HUMAN - Hierarchical Clustering for Unsupervised Anomaly Detection & Interpretation

Abstract

The automatic detection and interpretation of network traffic anomalies through machine learning is a well-known problem, for which no general solution is available. Both supervised and unsupervised (i.e., anomaly detection) approaches require prior knowledge on the monitoring data, either in terms of normal operation profiles or on the specific anomalies to detect. As a consequence, both approaches have clear limitations when it comes to detecting, and in particular interpreting, previously unseen events. We present HUMAN, a general hierarchical-clustering-based approach for unsupervised network traffic analysis, which can both detect and interpret anomalous behaviors in a completely black-box manner, without relying on ground-truth on the system under analysis. HUMAN can detect and interpret complex patterns in the analyzed data, using a structural approach which exploits hierarchical cluster relationships and correlation among features.

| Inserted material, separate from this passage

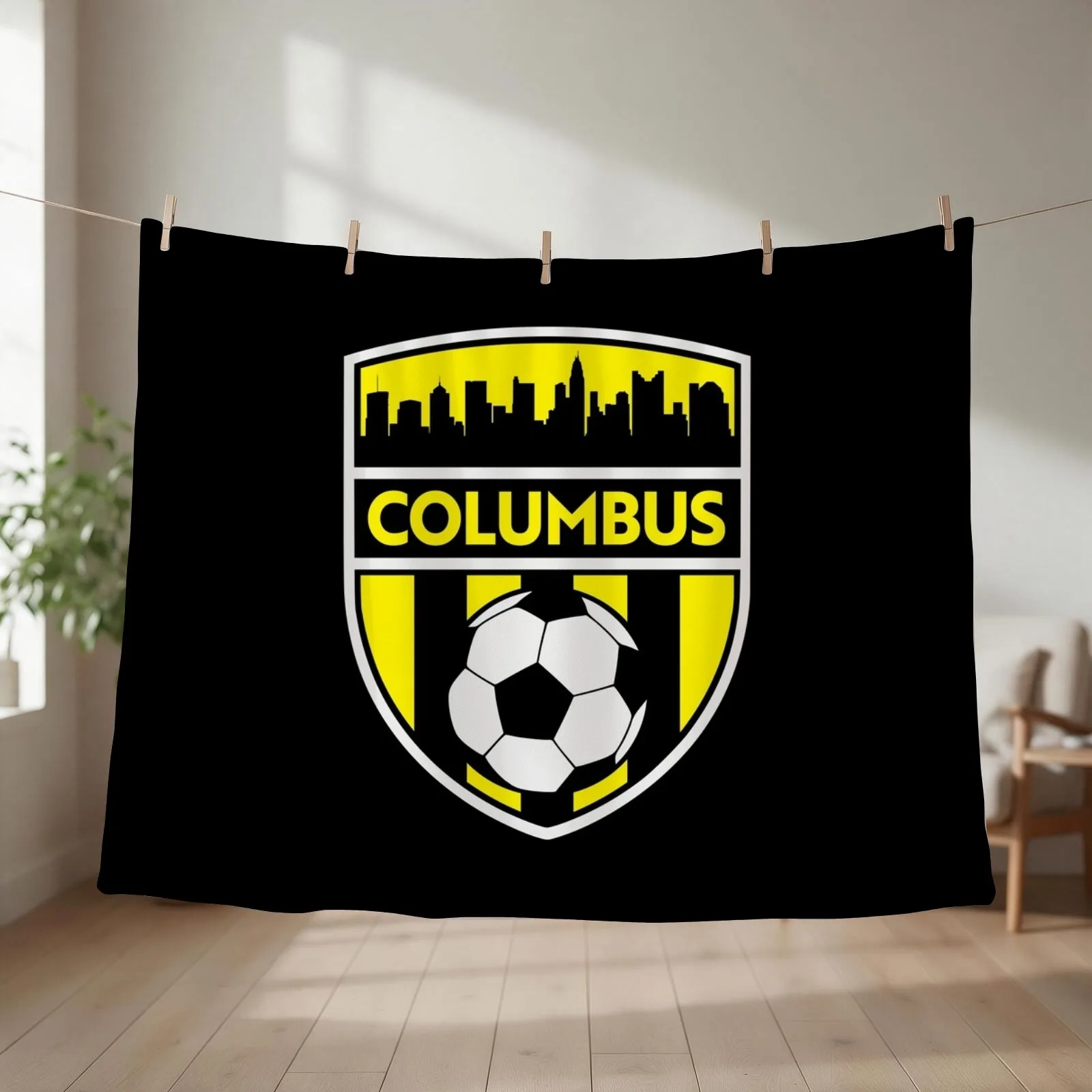 Columbus Soccer Team Crew SC Futbol Fan Throw Blanket couch cozy soft plush fuzzy picnic outdoor blanket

We describe the building blocks of HUMAN and explain its functioning in detail, using as case study the detection and interpretation of performance issues in major cloud platforms, through the unsupervised analysis of distributed active cloud latency measurements. The HUMAN approach can be applied to the unsupervised analysis of any kind of nested or hierarchically structured multi-dimensional data, showing the potential of hierarchical clustering for general unsupervised data analytics.